### [Activity]
Using the data below, output the first line and every line after it up to and including the line containing "Stor håndveske i", exactly as written and with nothing added.

### [Data supplied]
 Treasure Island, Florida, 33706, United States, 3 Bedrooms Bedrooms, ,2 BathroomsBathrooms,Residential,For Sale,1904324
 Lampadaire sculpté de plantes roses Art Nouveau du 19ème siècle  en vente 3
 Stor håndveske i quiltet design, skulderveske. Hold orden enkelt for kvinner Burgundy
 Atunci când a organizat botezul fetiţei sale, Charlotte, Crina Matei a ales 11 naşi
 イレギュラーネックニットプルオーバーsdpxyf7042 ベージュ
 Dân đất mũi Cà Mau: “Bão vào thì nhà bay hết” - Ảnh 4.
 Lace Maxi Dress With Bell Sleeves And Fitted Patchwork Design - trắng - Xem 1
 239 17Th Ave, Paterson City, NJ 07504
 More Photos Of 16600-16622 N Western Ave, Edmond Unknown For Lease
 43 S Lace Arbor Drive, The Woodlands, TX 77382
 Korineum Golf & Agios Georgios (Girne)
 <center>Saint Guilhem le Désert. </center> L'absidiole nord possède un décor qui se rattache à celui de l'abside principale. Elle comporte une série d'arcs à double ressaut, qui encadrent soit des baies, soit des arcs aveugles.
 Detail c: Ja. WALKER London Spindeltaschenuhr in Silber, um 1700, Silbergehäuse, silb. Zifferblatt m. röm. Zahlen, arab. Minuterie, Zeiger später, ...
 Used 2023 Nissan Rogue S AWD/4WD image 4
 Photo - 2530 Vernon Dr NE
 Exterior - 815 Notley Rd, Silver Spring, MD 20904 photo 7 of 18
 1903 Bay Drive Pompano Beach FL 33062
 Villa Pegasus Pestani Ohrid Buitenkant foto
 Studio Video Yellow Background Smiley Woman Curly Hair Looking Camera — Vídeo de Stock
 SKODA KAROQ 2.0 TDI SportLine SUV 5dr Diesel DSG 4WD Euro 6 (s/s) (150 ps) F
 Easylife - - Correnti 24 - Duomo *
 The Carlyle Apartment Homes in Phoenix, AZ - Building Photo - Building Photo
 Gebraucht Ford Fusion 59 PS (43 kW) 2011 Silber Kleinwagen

### [Solved problem]
 Treasure Island, Florida, 33706, United States, 3 Bedrooms Bedrooms, ,2 BathroomsBathrooms,Residential,For Sale,1904324
 Lampadaire sculpté de plantes roses Art Nouveau du 19ème siècle  en vente 3
 Stor håndveske i quiltet design, skulderveske. Hold orden enkelt for kvinner Burgundy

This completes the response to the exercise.